*ASSIGNMENT*: What are the lines, word for word, from the line with "Prada PR A18V" up to and including the line with "2008 LEXUS IS 350 VIN: JTHBE262X82013707" in the records below? Omit the pictures.

*AVAILABLE RECORDS*:
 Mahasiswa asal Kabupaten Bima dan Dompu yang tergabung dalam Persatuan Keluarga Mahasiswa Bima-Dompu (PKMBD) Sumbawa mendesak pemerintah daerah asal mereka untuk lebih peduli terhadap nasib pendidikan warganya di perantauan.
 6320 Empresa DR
---
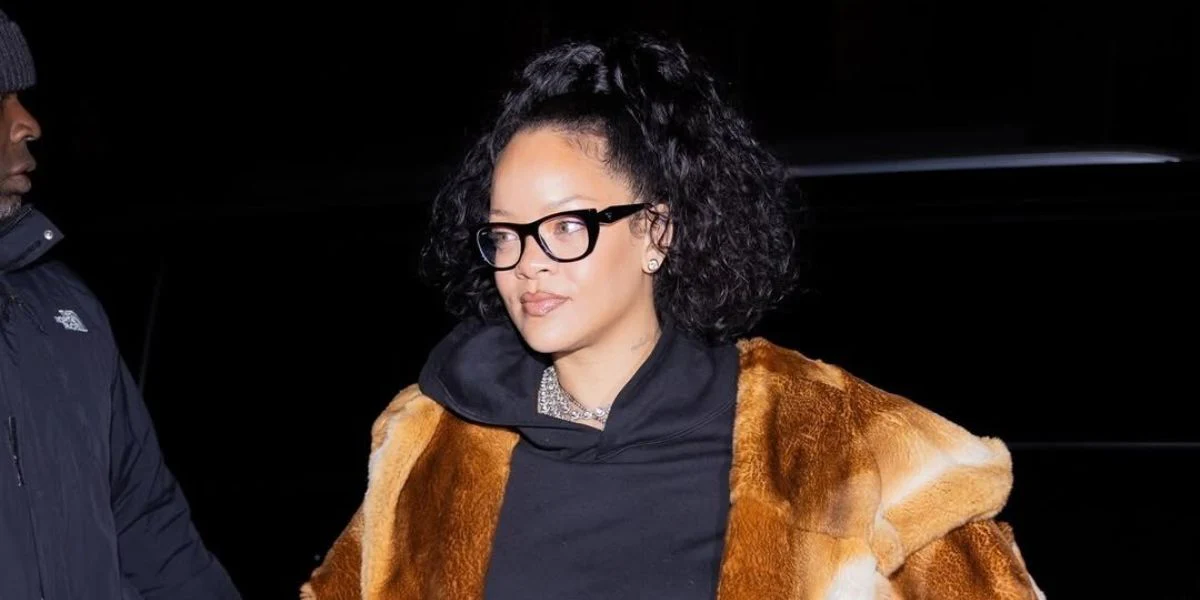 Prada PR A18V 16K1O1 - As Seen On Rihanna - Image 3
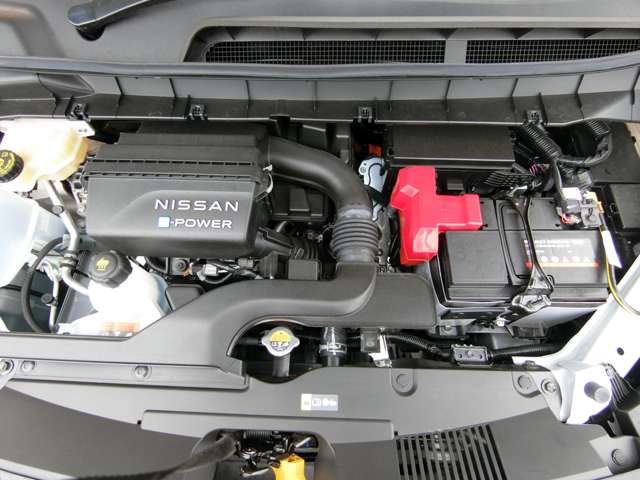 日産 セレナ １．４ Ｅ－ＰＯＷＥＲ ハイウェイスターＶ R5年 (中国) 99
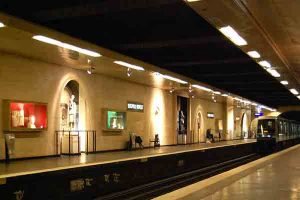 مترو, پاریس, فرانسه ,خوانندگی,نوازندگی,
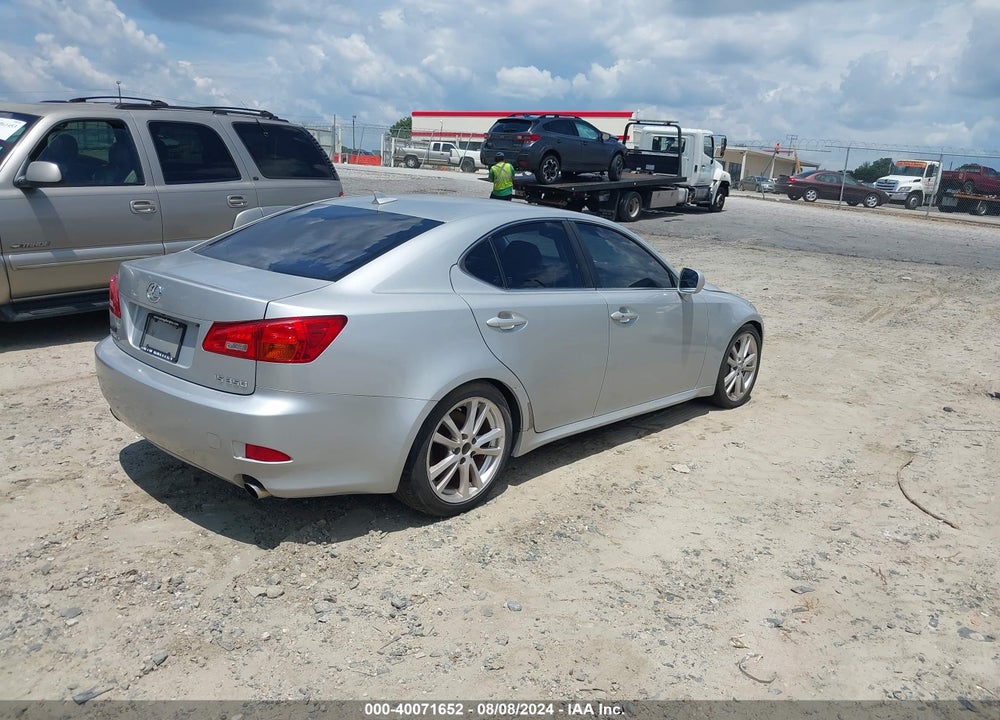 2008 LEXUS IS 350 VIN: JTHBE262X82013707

*EXERCISE RESPONSE*:
 Prada PR A18V 16K1O1 - As Seen On Rihanna - Image 3
 日産 セレナ １．４ Ｅ－ＰＯＷＥＲ ハイウェイスターＶ R5年 (中国) 99
 مترو, پاریس, فرانسه ,خوانندگی,نوازندگی,
 2008 LEXUS IS 350 VIN: JTHBE262X82013707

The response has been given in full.